Re: Efficient comparison of arrays [message #9752 is a reply to message #9707] |
Wed, 13 August 1997 00:00   |
J.D. Smith
Messages: 214 Registered: August 1996
|
Senior Member |
|
|
David Foster wrote:
>
> J.D. Smith wrote:
>>
>> Just to keep the Astronomy department here from being one-upped....
>>
>> <SNIP>
>>
>> Here is an implementation I just made up:
>>
>> function contain,a,b
>> flag=[replicate(0b,n_elements(a)),replicate(1b,n_elements(b) )]
>> s=[a,b]
>> srt=sort(s)
>> s=s(srt) & flag=flag(srt)
>> wh=where(s eq shift(s,-1) and flag ne shift(flag, -1),cnt)
>> if cnt ne 0 then return, s[wh]
>> return,-1
>> end
>>
>> I ran some time tests on the two implementations. While a_in_b is
>> adequate for small vectors, it is prohibitively slow for large ones. An
>> example averages the result in seconds for two 10000 element random
>> integer vectors on the range [0,20000].
>>
>> Results for a_in_b:
>> Average Time: 19.669667
>>
>> Results for contain:
>> Average Time: 0.19233332
>>
>> Ratio: 102.269
>>
>> And for 100 element vectors in the range [0,200]:
>>
>> Results for a_in_b:
>> Average Time: 0.010666664
>>
>> Results for contain:
>> Average Time: 0.0015666644
>>
>
> When you choose a method make sure you test the solutions on
> data that is typical to your operations; don't rely on time
> postings based on artificial situations. Below are results
> comparing FIND_ELEMENTS.PRO (my routine that I've posted already)
> and JD Smith's CONTAIN.PRO function listed above.
>
> The test data are:
>
> A = BYTARR(65536)
> A 256x256 image which is a section of the brain that
> has been coded into discrete values to represent the
> different structures in the brain. Roughly in the
> range 0-128, many repeated values (compresses well).

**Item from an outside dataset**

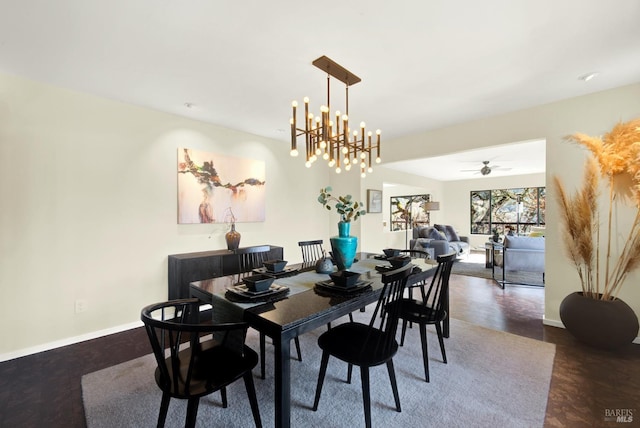 dining room with ceiling fan with notable chandelier and baseboards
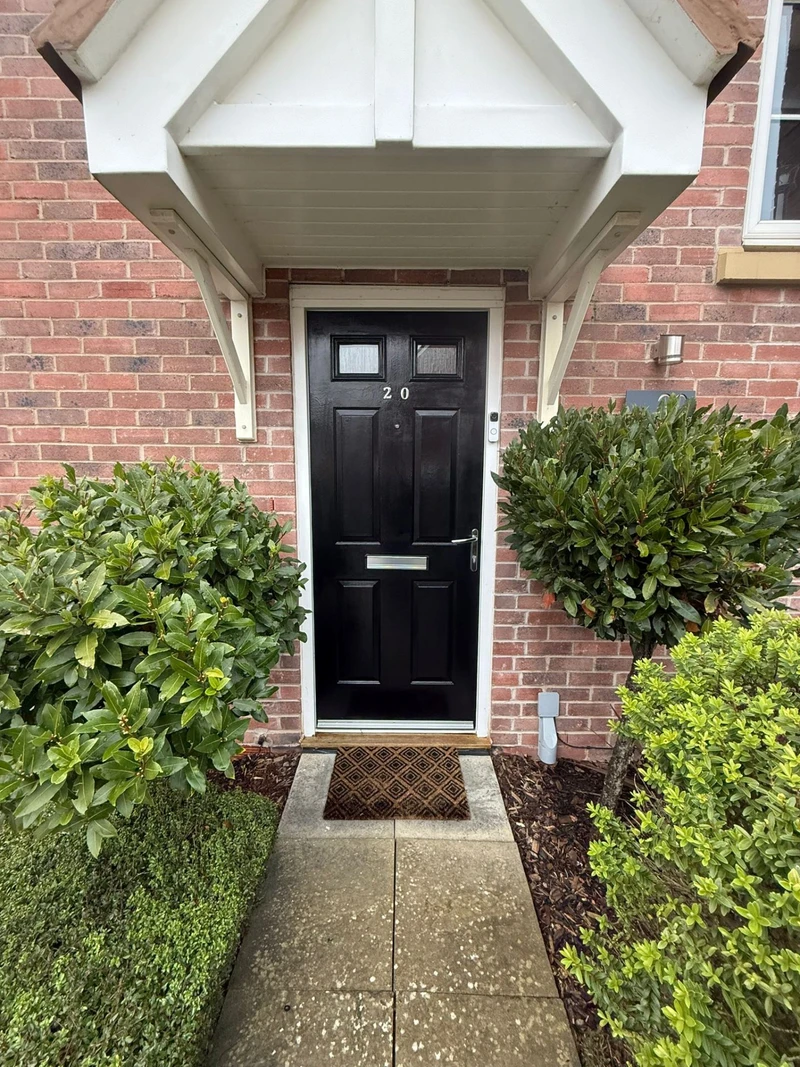 Classic black front door respray with white canopy by Spray Genius in Moseley, Birmingham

> Very typical for my situation.
>
> B = BINDGEN(50)
>
> Here are the results:
>
> IDL> t1=systime(1) & c = FIND_ELEMENTS(a,b) & t2=systime(1) & $
> print, t2-t1
> 2.3154050
> IDL> t1=systime(1) & d = CONTAIN(a,b) & t2=systime(1) & $
> print, t2-t1
> 132.54824
>
> In some situations the more primitive approach may be better
> (JD Smith's solution is certainly much more elegant and clever).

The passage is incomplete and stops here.